* [EXERCISE]: Pictures in the material below are to be left out, and only the lines from the line with "Smartphone im Sommer" up to and including the line with "adding sugar to the burfi mixture." are to be written out exactly.

* [PROVIDED MATERIAL]:
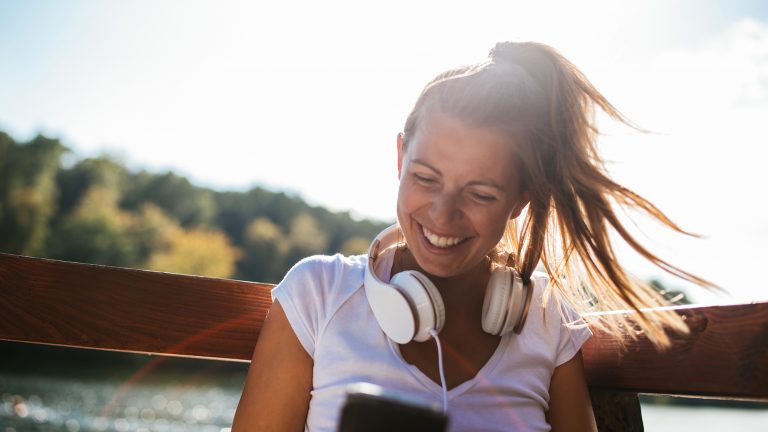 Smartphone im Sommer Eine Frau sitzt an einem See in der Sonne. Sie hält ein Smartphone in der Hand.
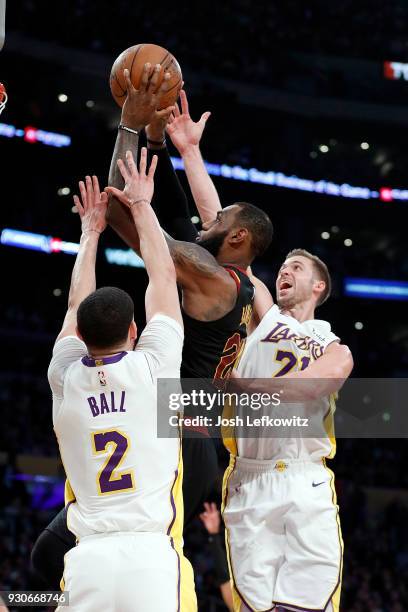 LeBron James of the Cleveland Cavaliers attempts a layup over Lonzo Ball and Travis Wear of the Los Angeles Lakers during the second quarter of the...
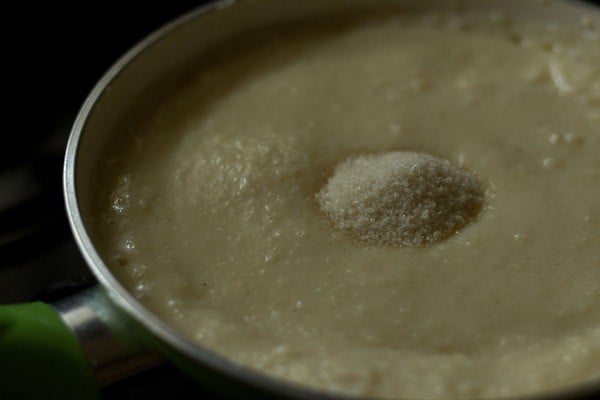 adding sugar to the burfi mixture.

...

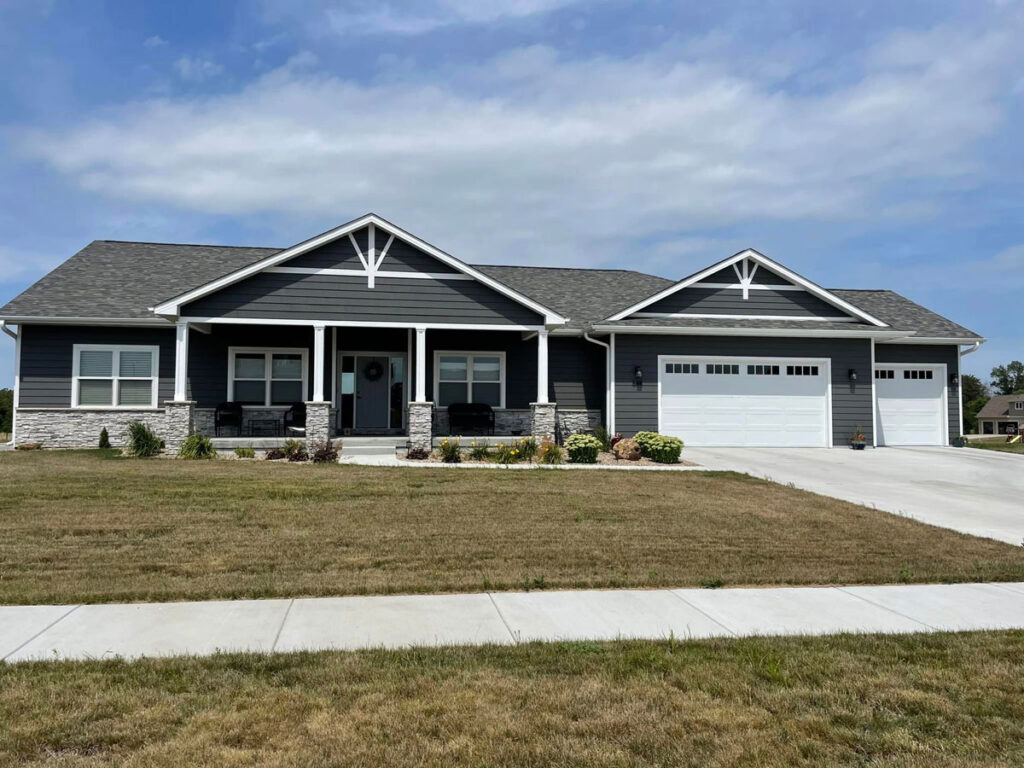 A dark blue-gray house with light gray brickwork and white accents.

* [OUTPUT FOR THIS EXERCISE]:
 Smartphone im Sommer Eine Frau sitzt an einem See in der Sonne. Sie hält ein Smartphone in der Hand.
 LeBron James of the Cleveland Cavaliers attempts a layup over Lonzo Ball and Travis Wear of the Los Angeles Lakers during the second quarter of the...
 adding sugar to the burfi mixture.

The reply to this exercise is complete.